Auch Haltepunkte „Hirschacker“ und „Nordstadt“ sind für Schwetzingen gesetzt

„Wir ziehen alle an einem Strang“, so Christian Wühl, Abteilungsleiter Planung beim VRN. „Alle betroffenen Beteiligten sind bemüht, die bestmöglichen Lösungen zu finden und dadurch die Auswirkungen auf den ursprünglichen Rahmenterminplan so gering wie möglich zu halten – das gilt für alle Streckenabschnitte der 2. Ausbaustufe der S-Bahn Rhein-Neckar“, so Wühl weiter. Heißt: Auch die beiden Haltepunkte „Hirschacker“ und „Nordstadt“ sind für Schwetzingen gesetzt. Der Haltepunkt „Hirschacker“ sei zu keinem Zeitpunkt in Frage gestellt gewesen, derzeit liefen die notwendigen naturschutzrechtlichen Prüfungen, um eine bauliche Umsetzung im Einklang mit dem Naturschutz sicherzustellen. Hierzu OB Dr. Pöltl: „Dass der Haltpunkt ‚Hirschacker’ kommen wird und muss, steht für die Stadt Schwetzingen außer Frage, hierzu gibt es seitens des Vorhabenträgers uns gegenüber auch keine gegenteiligen Verlautbarungen. Ein Wegfall des S-Bahn-Haltepunktes im Hirschacker wäre für die Stadt Schwetzingen auch nicht akzeptabel und hinnehmbar.“

Kosten

80 Prozent der Kosten werden von Bund und Land getragen.
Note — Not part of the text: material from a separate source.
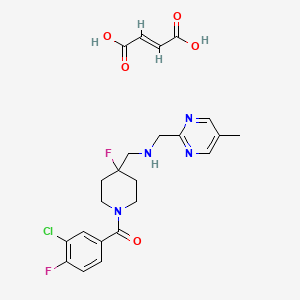 (E)-but-2-enedioic acid;(3-chloro-4-fluorophenyl)-[4-fluoro-4-[[(5-methylpyrimidin-2-yl)methylamino]methyl]piperidin-1-yl]methanone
Den Kommunalanteil von 20 Prozent tragen der Rhein-Neckar-Kreis und die Stadt Schwetzingen zu jeweils 10 Prozent. Für den Bahnhof Schwetzingen sind dies derzeit 1.302.000 Euro, für den Haltepunkt „Hirschacker“ 850.000 Euro und für den Haltepunkt „Nordstadt“ 870.000 Euro (insgesamt ca. 3.022.000 Euro). In der mittelfristigen Finanzplanung der Stadt Schwetzingen sei die letzte Kostenrate für 2017 eingestellt, was dem noch aktuellen Zeitplan geschuldet sei.

Keine Umbenennung von „Bahnhof“ in „Hauptbahnhof“

“Ein Fehler hatte sich in die Offenlage eingeschlichen. Die Prüfung einer etwaigen Umbenennung des Schwetzinger Bahnhofs in Hauptbahnhof kann aus rechtlichen und sicherheitstechnischen Gründen nicht erfolgen. Dies ist nur dort möglich, wo bereits mehrere Bahnhöfe bestehen. An die jeweiligen Stationsbezeichnungen sind sicherheitsrelevante Abläufe gekoppelt. Mit einer Umbenennung wären auch diese sehr umfangreich in allen Notfall- und Alarmierungsplänen zu ändern. Es wird somit bei der bisher gewohnten Bezeichnung ‘Bahnhof Schwetzingen’ bleiben”, so die Stadt und der VRN.